## Directions
In the entries below, how many lines contain the string "video"? Respond with the number only.

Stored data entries

┄┄┄┄┄┄

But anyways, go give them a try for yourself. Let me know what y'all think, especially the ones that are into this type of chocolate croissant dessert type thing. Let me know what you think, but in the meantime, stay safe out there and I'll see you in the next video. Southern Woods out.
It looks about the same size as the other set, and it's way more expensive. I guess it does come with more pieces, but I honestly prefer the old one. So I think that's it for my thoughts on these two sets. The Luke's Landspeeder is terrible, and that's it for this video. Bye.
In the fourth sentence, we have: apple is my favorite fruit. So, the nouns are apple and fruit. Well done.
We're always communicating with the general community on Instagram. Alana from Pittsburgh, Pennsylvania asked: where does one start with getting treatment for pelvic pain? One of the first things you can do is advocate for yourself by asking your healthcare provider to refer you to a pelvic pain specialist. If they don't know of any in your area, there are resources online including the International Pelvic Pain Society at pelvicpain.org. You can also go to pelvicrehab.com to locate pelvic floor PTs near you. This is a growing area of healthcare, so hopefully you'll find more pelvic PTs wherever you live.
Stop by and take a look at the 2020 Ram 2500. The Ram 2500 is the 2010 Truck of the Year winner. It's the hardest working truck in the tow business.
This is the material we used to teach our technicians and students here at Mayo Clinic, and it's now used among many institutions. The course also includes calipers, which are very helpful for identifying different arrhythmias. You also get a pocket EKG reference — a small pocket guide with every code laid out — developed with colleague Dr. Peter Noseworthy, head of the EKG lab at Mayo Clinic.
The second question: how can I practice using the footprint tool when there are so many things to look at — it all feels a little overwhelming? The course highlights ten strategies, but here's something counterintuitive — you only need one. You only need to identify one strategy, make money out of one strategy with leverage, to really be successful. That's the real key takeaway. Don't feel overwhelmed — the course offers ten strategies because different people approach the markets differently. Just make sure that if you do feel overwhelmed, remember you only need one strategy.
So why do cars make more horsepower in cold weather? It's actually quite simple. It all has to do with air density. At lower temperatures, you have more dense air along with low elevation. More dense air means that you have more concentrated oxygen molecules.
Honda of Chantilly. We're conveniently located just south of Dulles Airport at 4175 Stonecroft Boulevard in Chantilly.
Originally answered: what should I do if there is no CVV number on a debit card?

┄┄┄┄┄┄

## Answer to the exercise
2